▶ [TASK]
Within the entries below, the lines from the one with "18k Gold natural" through the one with "Faux Concrete |#|" are to be set down exactly, both ends kept.

▶ [PROVIDED MATERIAL]

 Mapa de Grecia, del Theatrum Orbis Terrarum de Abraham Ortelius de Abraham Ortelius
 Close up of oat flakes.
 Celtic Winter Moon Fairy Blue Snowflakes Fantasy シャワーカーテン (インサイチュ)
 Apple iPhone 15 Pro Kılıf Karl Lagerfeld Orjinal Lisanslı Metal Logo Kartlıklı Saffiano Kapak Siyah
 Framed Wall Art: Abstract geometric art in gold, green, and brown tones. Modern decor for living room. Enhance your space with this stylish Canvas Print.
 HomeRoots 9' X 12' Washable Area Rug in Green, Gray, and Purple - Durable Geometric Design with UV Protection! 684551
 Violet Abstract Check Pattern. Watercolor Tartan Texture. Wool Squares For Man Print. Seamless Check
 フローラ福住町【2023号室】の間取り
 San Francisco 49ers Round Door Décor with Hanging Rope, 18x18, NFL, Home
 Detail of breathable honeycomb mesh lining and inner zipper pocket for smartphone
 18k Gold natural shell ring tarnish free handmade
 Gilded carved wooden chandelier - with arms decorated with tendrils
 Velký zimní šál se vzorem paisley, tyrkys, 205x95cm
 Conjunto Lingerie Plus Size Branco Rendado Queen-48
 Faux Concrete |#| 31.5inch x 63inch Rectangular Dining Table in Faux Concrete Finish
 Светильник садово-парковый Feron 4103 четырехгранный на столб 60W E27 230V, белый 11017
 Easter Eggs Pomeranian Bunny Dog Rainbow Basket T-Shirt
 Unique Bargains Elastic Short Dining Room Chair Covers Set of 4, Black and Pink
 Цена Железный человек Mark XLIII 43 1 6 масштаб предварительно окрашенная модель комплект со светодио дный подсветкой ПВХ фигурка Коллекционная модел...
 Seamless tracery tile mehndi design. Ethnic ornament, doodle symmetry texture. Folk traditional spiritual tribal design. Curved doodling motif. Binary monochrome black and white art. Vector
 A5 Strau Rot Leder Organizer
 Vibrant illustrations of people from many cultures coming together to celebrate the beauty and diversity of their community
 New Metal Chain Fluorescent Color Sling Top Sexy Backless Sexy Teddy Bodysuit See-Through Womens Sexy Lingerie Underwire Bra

▶ [RESPONSE TO THIS TASK]
 18k Gold natural shell ring tarnish free handmade
 Gilded carved wooden chandelier - with arms decorated with tendrils
 Velký zimní šál se vzorem paisley, tyrkys, 205x95cm
 Conjunto Lingerie Plus Size Branco Rendado Queen-48
 Faux Concrete |#| 31.5inch x 63inch Rectangular Dining Table in Faux Concrete Finish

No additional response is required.